再びメニュー画面に戻って、操作していく。選ばれた項目が切り裂かれ、砕け散った次の画面には、霧をまとった巨大な猿と透き通った鎧に身を包む少女が、市街地を舞台に激戦を繰り広げる光景が続いた。
「バトル、熱かったな~」
「何だかんだ言って戦闘シーン好きだよね」
「血沸き肉躍るってやつ!」
何も知らない者から見たらか弱い女の子にしか見えないクセに、根っからの戦士の発言をする。拳を握りぶんぶんと子供のように振り回している。
全盛期の来音なら出てきた化け物全部に勝てそうだ。
そう思っても決して口にしない、物分りのいい男がそれを見守る。
「ゆーちゃん強かったのに……。何であんな風に! 何で負けちゃったんだ!」
「そうしないと盛り上がらな」
悔しそうに自分の膝を叩いていた拳を、都合よく右側に座っていた男の鳩尾に向ける。ぐはぁっ! とマジっぽい声が上がった。
「そんなスーパードライなこと言わない!
……そうか、水だ! 水が足りなかったんだ! もし水を自由にできるところだったら負けてない! 裕也君もペットボトルじゃなくてドラム缶背負って歩きなさい!」
むちゃくちゃなことを言う彼女の隣で、浅い呼吸をしながら自分の迂闊さを悔やみ、もう二度と彼女の右側には座るまいと決意していた。

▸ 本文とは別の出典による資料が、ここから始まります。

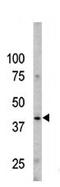 Caspase 9 antibody, TA324765, Origene, Western Blot image 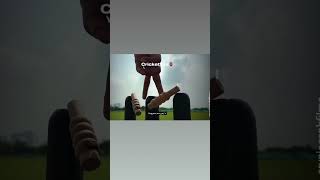 Cricket loves 🥹✊🧿🏏trending shortvideo viralvideo cricket cricketnews viralshort viratkohli [upl. by Adnahsal]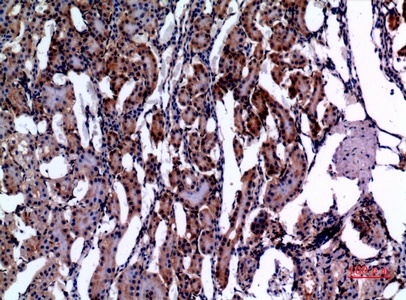 Fig.3. Immunohistochemical analysis of paraffin-embedded rat-kidney, antibody was diluted at 1:100.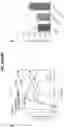 Fig. 41 - Compositions comprising bacterially derived minicells and methods of using the same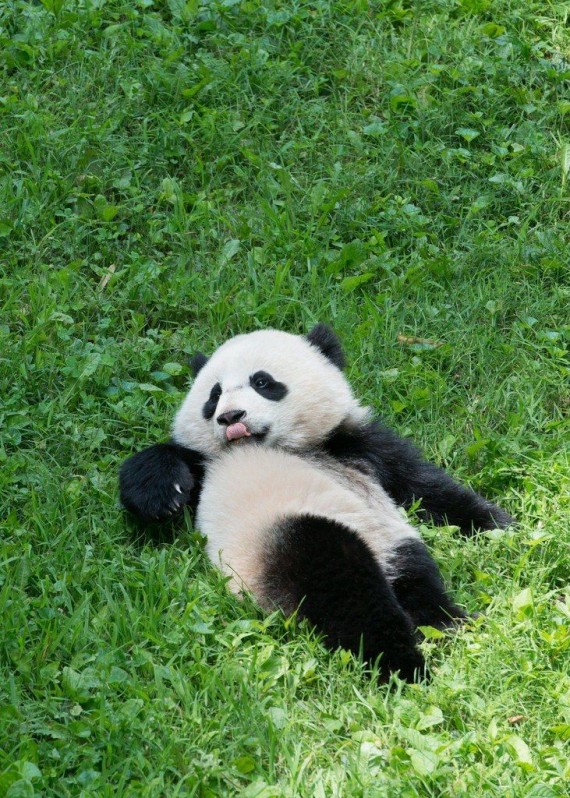 Imagenes osos panda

男が苦痛に耐えている横でまたリモコンを操作してお気に入りの場面を振り返っていった。ある場面では自分の服の裾を掴み、ある場面では身を乗り出し、またある場面では座椅子の背もたれに深く身を預けて涙を流しながら。病室のベッドの上で咽び泣いていた主人公の青年が、再び空を見上げて笑顔を向けた時には一緒になって爽やかな笑顔を見せていた。
「……で、総評ですが」
「はい」
リモコンの停止ボタンを押して姿勢を正し、熱心に観賞していた間ずっと閉じていた口を開いた。苦悶から解放された男は彼女の隣には座らず、正面に正座していた。彼女はなぜかとても偉そうに右手を顎に寄せ、難しそうに目を閉じている。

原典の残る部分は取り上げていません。